Available data:
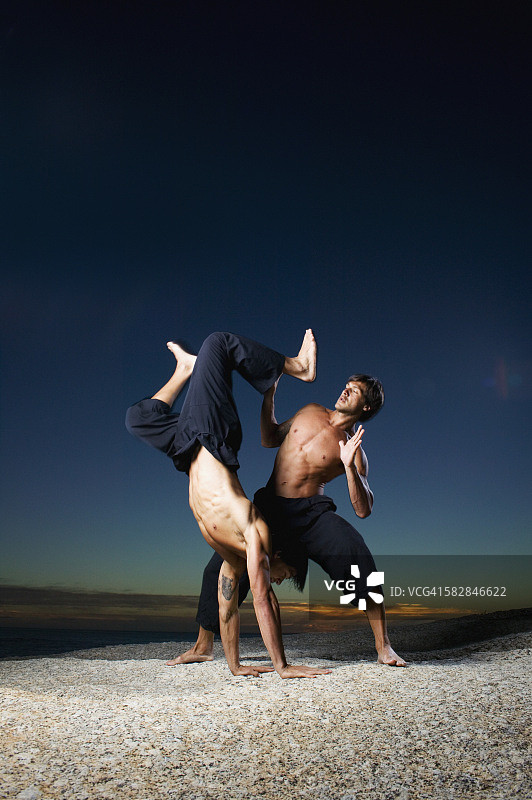 男子练习武术图片素材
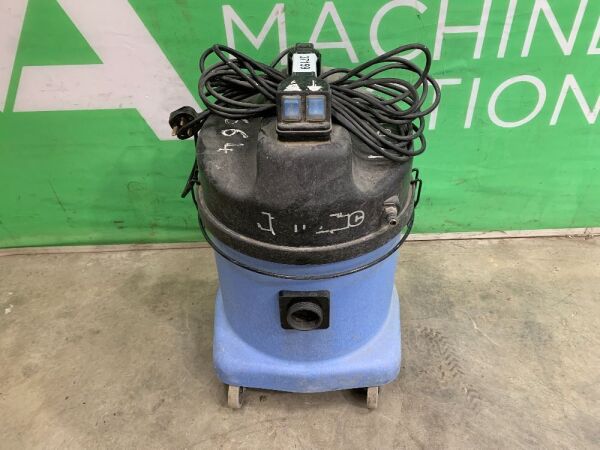 Numatic Shampoo/Vacuum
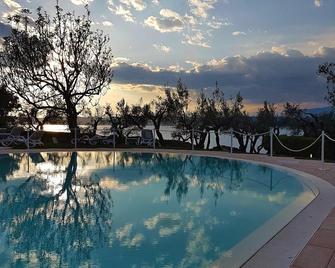 Hotel Ideal - Sirmione - Pool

Exercise directions: Line by line, write out the material above exactly, with no images.

Task answer:
 男子练习武术图片素材
 Numatic Shampoo/Vacuum
 Hotel Ideal - Sirmione - Pool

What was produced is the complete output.